I'm trying to find out how to improve the estimator using a few different techniques, namely importance sampling, conditioning, control variate and antithetic variables, but I'm having little luck in fully grasping how to do this.

Since $P(X \ge c)$ is highly unlikely to occur, I have had to generate a huge amount of random values to get an estimate, and have estimating the value using more than $10^{9}$ samples, where the results always gave (roughly) the same estimate, in the order of $10^{-6}$, with an identical variance.

I haven't gotten around to do importance sampling yet, so just ignore that for the moment (I'm not asking for the solution, just pointers to figure out what I'm doing wrong).

Conditioning

Since it's possible to calcuate $P(X \ge c)$ for a known $\mu$, I've tried doing that directly for a set of $\mu$; this yields the same estimate as the raw estimator and greatly improveces the variance to an order of $10^{-12}$, from the raw $10^{-6}$. This feels a bit like cheating though and I'm not entirely convinced that this is actually using conditioning.

Failing to use control variates

Like with antithetic variables, I haven't managed to successfully implement control variates.
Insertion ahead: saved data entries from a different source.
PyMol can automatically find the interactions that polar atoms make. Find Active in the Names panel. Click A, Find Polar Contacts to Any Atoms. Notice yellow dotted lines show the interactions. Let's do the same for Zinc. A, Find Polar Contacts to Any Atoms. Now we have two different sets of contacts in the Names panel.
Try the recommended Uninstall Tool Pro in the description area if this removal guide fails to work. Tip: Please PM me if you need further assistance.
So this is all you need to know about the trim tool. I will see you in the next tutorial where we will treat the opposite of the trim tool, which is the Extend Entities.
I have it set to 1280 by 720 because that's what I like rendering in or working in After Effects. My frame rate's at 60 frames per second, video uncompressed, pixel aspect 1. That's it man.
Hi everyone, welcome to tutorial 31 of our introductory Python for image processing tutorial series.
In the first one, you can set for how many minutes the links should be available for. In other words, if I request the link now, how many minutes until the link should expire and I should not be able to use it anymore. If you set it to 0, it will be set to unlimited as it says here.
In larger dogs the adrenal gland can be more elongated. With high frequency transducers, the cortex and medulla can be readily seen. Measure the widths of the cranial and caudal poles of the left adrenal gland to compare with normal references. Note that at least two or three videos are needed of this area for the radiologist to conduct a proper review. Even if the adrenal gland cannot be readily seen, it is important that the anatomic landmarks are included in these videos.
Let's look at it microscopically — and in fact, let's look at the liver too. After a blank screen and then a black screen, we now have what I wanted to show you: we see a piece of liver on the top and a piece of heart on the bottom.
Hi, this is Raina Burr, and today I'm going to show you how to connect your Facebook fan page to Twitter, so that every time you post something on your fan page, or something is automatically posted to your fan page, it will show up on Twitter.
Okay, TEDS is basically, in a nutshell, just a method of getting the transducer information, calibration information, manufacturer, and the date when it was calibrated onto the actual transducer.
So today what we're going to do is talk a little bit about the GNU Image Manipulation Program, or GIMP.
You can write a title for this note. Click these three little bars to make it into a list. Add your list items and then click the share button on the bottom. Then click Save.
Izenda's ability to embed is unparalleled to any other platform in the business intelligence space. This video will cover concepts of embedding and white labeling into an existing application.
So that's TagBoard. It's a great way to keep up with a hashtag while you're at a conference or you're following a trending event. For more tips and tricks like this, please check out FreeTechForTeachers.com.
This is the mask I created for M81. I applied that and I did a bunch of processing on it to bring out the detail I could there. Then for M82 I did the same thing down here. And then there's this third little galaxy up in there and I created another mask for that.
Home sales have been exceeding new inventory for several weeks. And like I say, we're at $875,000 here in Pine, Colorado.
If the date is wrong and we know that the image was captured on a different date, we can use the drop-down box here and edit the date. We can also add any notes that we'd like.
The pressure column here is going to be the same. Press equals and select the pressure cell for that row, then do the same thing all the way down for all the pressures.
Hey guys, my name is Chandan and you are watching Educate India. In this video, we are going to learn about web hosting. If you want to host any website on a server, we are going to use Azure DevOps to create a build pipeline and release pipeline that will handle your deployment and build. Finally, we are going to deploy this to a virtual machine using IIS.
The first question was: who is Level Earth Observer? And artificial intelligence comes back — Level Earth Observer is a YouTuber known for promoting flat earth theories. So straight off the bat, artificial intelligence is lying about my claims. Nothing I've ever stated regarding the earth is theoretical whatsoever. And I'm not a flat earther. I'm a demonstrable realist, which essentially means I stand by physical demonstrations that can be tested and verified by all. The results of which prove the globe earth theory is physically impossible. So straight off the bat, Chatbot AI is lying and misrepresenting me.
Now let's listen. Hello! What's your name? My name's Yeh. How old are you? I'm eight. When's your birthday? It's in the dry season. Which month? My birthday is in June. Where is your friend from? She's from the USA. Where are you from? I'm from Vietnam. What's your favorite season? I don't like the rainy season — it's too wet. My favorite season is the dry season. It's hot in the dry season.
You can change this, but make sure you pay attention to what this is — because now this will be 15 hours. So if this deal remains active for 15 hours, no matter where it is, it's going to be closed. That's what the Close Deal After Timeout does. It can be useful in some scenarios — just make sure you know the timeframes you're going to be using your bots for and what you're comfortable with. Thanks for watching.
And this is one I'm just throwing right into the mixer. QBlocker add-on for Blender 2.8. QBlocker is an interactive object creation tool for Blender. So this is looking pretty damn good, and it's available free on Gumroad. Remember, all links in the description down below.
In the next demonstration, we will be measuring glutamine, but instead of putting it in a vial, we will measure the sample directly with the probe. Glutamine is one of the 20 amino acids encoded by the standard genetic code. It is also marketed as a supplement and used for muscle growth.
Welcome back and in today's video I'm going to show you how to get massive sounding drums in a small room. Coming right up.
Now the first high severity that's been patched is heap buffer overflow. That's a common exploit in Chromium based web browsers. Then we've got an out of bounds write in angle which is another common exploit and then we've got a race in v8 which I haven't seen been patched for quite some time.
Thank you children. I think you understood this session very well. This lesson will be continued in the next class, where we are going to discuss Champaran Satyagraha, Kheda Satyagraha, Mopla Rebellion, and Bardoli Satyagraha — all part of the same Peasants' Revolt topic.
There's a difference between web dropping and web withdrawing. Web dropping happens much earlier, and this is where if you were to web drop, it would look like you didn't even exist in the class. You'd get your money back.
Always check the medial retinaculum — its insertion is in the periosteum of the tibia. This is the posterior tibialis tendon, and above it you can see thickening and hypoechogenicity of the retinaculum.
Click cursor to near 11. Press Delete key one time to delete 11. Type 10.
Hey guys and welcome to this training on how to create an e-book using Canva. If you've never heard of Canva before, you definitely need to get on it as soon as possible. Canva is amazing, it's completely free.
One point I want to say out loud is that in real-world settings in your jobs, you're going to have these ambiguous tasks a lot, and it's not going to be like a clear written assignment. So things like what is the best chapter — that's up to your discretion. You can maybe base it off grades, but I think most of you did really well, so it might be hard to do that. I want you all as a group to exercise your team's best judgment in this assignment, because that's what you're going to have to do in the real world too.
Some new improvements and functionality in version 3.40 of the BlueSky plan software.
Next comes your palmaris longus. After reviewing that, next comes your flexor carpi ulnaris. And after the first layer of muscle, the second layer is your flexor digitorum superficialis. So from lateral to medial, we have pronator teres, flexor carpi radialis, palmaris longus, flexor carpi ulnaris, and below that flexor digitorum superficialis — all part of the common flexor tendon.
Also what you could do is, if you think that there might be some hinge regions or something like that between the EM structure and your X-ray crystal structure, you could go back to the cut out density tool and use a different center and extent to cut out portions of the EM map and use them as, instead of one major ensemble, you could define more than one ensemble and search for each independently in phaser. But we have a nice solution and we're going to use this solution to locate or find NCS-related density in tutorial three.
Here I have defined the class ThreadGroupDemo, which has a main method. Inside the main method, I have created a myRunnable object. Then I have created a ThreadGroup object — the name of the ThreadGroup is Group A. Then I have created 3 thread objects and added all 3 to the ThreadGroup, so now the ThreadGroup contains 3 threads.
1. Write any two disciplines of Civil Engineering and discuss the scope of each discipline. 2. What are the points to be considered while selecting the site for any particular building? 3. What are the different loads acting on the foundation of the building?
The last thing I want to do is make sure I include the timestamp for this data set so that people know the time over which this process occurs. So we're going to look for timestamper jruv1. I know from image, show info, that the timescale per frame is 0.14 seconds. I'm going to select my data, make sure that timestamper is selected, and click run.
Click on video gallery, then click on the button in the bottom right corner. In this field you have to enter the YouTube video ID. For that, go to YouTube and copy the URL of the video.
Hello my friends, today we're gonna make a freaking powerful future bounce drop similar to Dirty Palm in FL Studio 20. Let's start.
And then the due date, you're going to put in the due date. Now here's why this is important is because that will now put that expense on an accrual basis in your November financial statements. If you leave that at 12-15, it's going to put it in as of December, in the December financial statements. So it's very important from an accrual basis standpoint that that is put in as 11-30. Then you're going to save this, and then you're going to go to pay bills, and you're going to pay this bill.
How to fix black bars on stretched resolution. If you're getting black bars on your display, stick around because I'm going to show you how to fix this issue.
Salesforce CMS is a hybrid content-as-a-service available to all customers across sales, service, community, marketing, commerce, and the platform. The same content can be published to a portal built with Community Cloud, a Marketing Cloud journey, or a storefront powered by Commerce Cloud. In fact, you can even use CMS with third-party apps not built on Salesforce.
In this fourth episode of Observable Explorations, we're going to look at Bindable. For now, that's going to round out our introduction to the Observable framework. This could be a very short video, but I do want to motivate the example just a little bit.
I've tried using two approaches:

  • Generating $U_1 \sim U(0,1)$ to calcuate the means $\mu$ based on $U_1$ and then generate a sample of $X$ based on the means. I then generate $U_2$ and use that to generate $Y$ distributed on $N(0,1)$ with a standard deviation based on $U_2$.
  • As above, but instead of using $U_2$ to generate $Y$, use $U_1$
  • As both of the above, but swapping $N$ with some other distribution.

The estimate is then based on $X + c (Y - E[Y])$ with $c = - \frac{cov(X,Y)}{var(Y)}$. Using these methods, I either get an estimate that's identical to the raw estimator but no improvement in variance, or I get something that's in the order of $10^{-4}$ or $10^{-12}$.

I need to use this on both the conditioned estimator and the raw estimator.

Failing to use antithetic variables

My approach for using antithetic variable is to generate $U \sim U(0,1)$ and then calculate $Y_1$, using $U$ and $Y_2$ using $1 - U$ -- i.e. $Y_1$ and $Y_2$ are clearly negatively correlated and both distributed on $U(0,1)$. I've then tried to approaches to get an estimate:

  • Generate $X_1$ using $Y_1$ and $X_2$ using $Y_2$ and finding the mean of the estimators based on $X_1$ and $X_2$
  • Generate $X_1$ using $\frac{Y_1 + Y_2}{2}$ and use $X_1$ to find the estimate.

Using both methods I always get an estimator which is only $\frac{3}{5}$ of what the raw estimator gives me. Clearly not correct.

This only needs to be done for the conditioned estimator and not for the raw estimator.